▸ Exercise details
Images in the data are to be skipped, while every line is restated exactly as written.
- - -
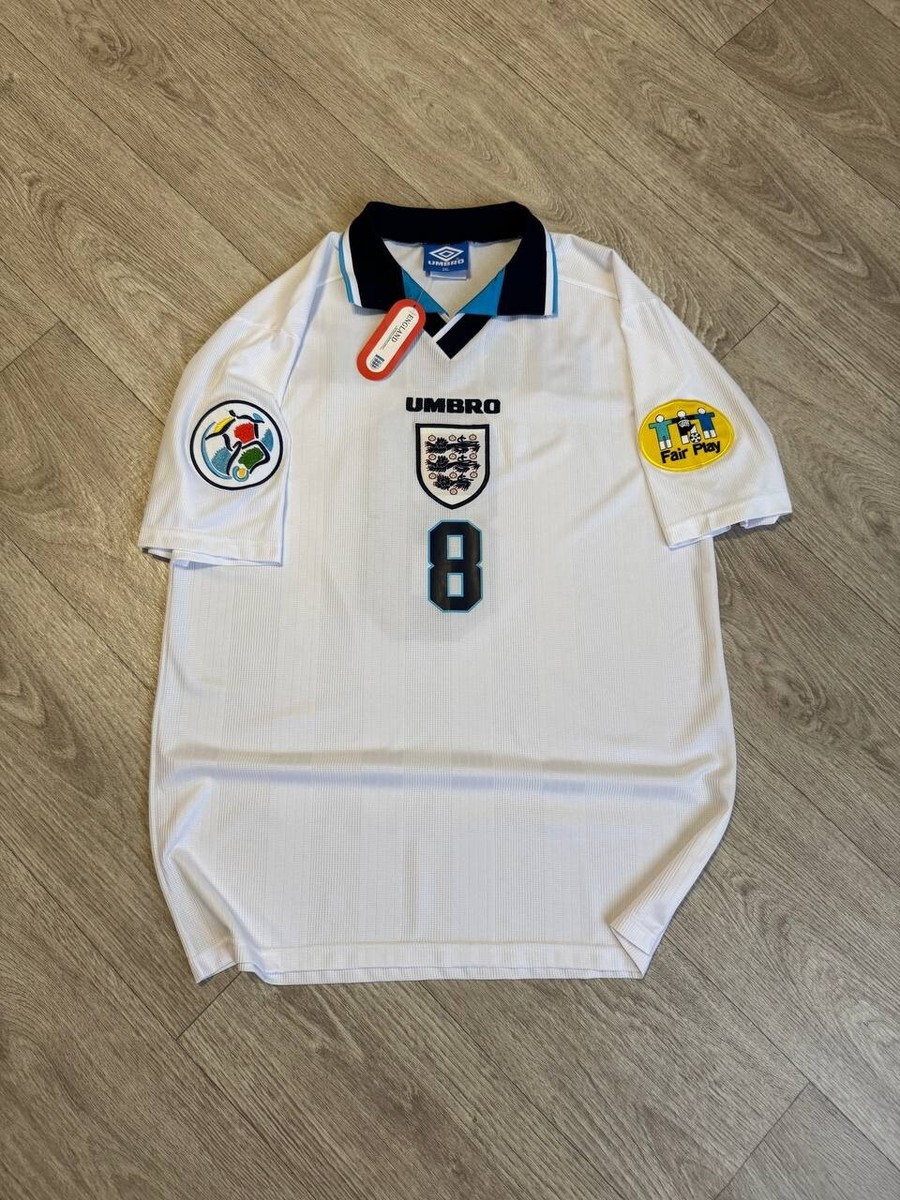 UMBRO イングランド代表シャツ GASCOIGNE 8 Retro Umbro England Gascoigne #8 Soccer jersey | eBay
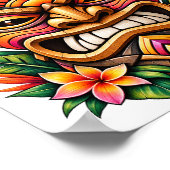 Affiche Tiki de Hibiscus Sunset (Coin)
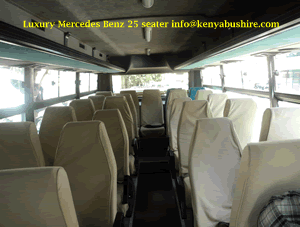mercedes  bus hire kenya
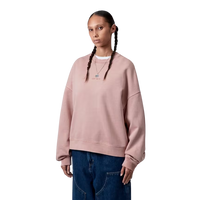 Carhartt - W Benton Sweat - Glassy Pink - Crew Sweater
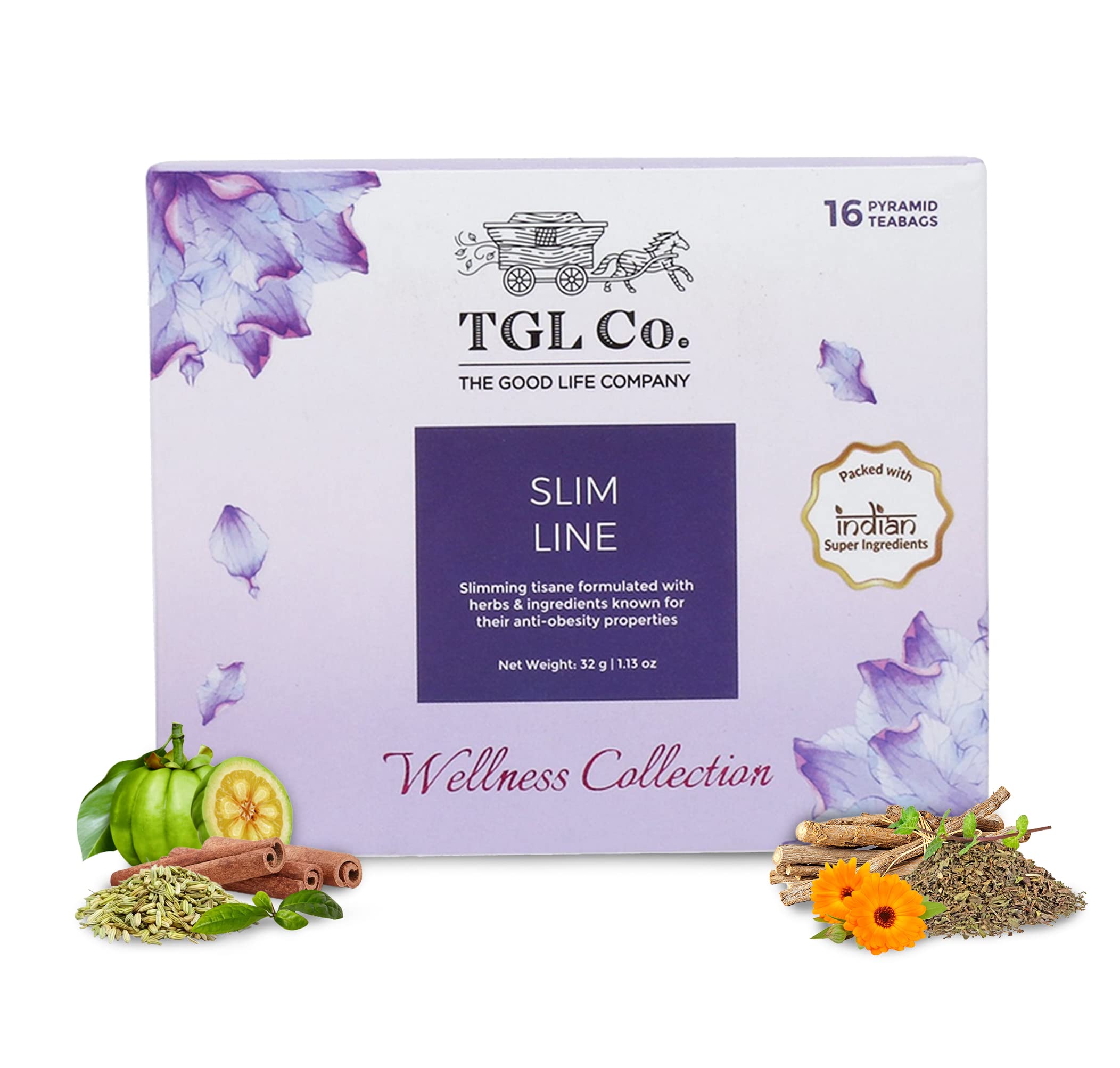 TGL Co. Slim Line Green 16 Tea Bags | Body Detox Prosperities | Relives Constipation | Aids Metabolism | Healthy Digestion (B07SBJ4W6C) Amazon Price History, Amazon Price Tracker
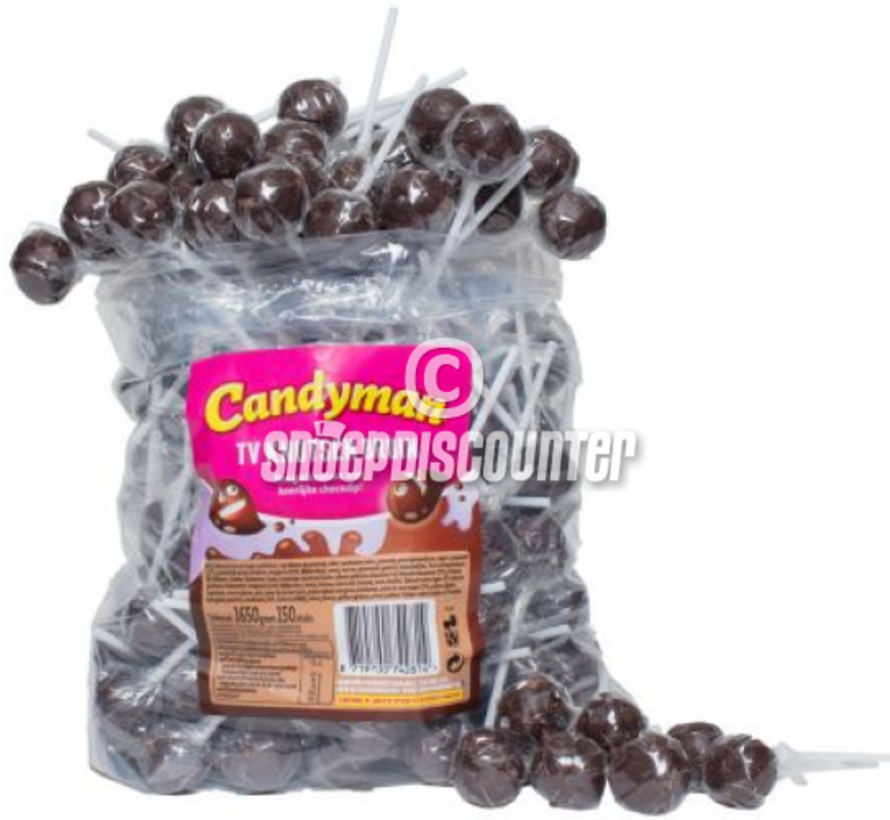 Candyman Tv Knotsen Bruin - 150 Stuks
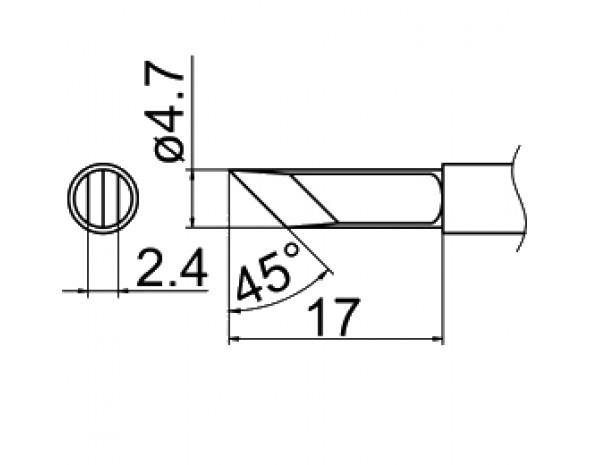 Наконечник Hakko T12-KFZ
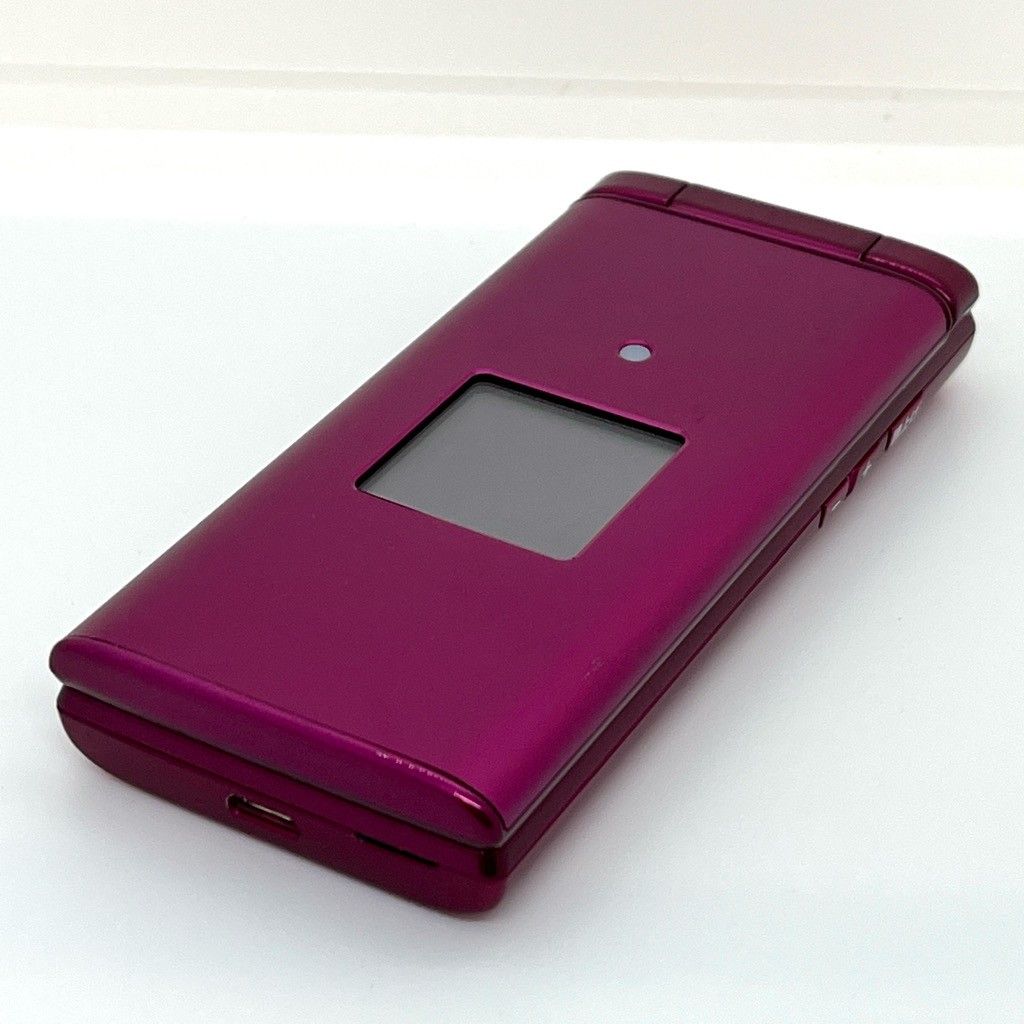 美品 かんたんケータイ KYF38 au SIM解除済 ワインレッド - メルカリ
- - -
▸ Response to the task
 UMBRO イングランド代表シャツ GASCOIGNE 8 Retro Umbro England Gascoigne #8 Soccer jersey | eBay
 Affiche Tiki de Hibiscus Sunset (Coin)
mercedes  bus hire kenya
 Carhartt - W Benton Sweat - Glassy Pink - Crew Sweater
 TGL Co. Slim Line Green 16 Tea Bags | Body Detox Prosperities | Relives Constipation | Aids Metabolism | Healthy Digestion (B07SBJ4W6C) Amazon Price History, Amazon Price Tracker
 Candyman Tv Knotsen Bruin - 150 Stuks
 Наконечник Hakko T12-KFZ
 美品 かんたんケータイ KYF38 au SIM解除済 ワインレッド - メルカリ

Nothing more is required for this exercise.